As well it should be. Ashland is a railroad town, born and raised along the tracks of the former Richmond, Fredericksburg & Potomac Railroad. And if there is a prideful core to this town of about 6,000, it is not the local college, town hall or the bevy of revitalized homes - it is the railroad station.

It was not always this way.

For years, the station lay abandoned. Later, after the railroad donated it to the town, it was used for storage by a local relief organization. CSX freight and Amtrak trains clipped by at 40 mph, and no one got on or off. The locus of Ashland's history lay dormant.

Today, things are different.
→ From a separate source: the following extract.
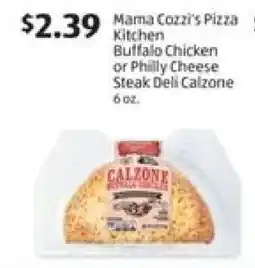 Aldi Mama Cozzi's Pizza Kitchen Buffalo Chicken or Philly Cheese Steak Deli Calzone offer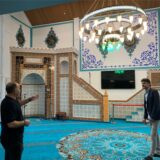 Vor der Eröffnung der neuen Gemeinderäumlichkeiten in Habinghorst konnten einige Besucher des Spaziergangs über die Lange Straße am 23. Mai schon mal einen Blick in die Ayasofya-Moschee werfen.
After an inexpensive renovation, 15,000 people now visit the slate-roofed station each year to get brochures on the town and surrounding area. That's up from 13,500 visitors last year, thanks in part to signs that line Interstate 95, on the eastern edge of town.

``Train-o's,'' an Ashland term for train buffs (like ``winos''), sometimes spend hours by the tracks, peering through binoculars for an approaching train. A magazine for model railroad enthusiasts recently profiled Ashland as a town to emulate in miniature.
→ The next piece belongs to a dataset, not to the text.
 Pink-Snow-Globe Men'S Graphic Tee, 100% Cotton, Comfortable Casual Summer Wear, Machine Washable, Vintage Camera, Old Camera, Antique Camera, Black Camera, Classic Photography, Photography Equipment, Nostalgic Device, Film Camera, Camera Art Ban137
And after some aggressive lobbying, Amtrak now stops here on a limited basis, connecting Ashland with Washington, D.C., Atlantic City and the Big Apple. You can leave Ashland at 8:15 a.m., take Amtrak's train No. 86 and arrive in Boston by sundown.

Ashland, home of Randolph-Macon College, is 20 miles north of Richmond and about 6 miles from Kings Dominion.
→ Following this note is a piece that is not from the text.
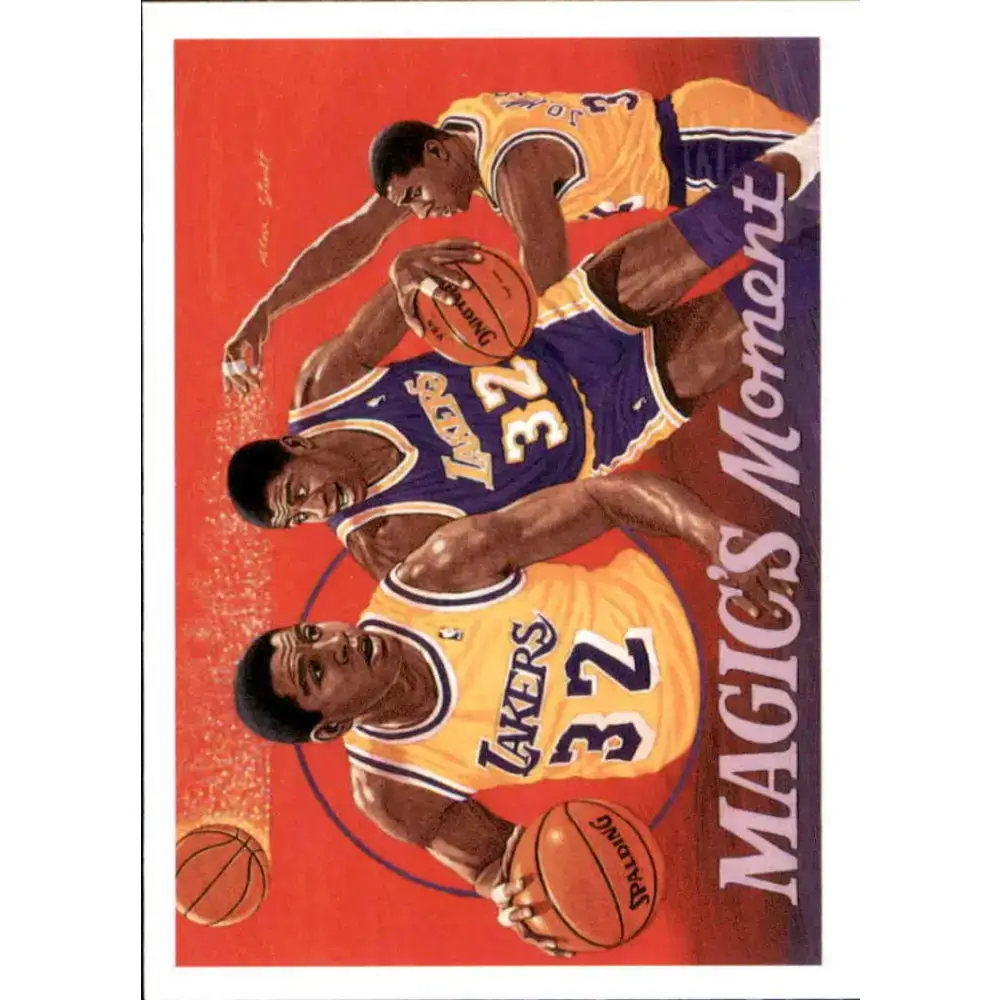 1991-92 Upper Deck #29 Magic Johnson NM-MT SP Los Angeles Lakers Basketball Card - Basketball Card Single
As the Downtown Suffolk Association and the Save Our Station committee begin to raise funds to renovate the dilapidated Seaboard Train Station on North Main Street, local leaders could learn some valuable lessons from Ashland, its train station and the town's renewed sense of history.

Suffolk's Seaboard Train Station on North Main Street has a glorious history. The Orange Blossom Special left the station frequently for Miami. Fresh produce from local fields was once loaded onto freight trains bound for the nation's larger cities. The station connected Suffolk with the rest of the world.

The station was built in 1834, and rebuilt and remodeled up until 1910. The tower on its north end gave the stationmaster and a telegraph operator a bird's-eye view of oncoming trains. If steam were spotted down the tracks, the stationmaster ran down a spiral staircase and closed the gates at Main Street by hand as the telegraph operator sent a message ahead to the next station.

A concrete marker adorned with a large, black ``W'' still stands down the tracks from the station. It was used to let the train engineer know to whistle ahead.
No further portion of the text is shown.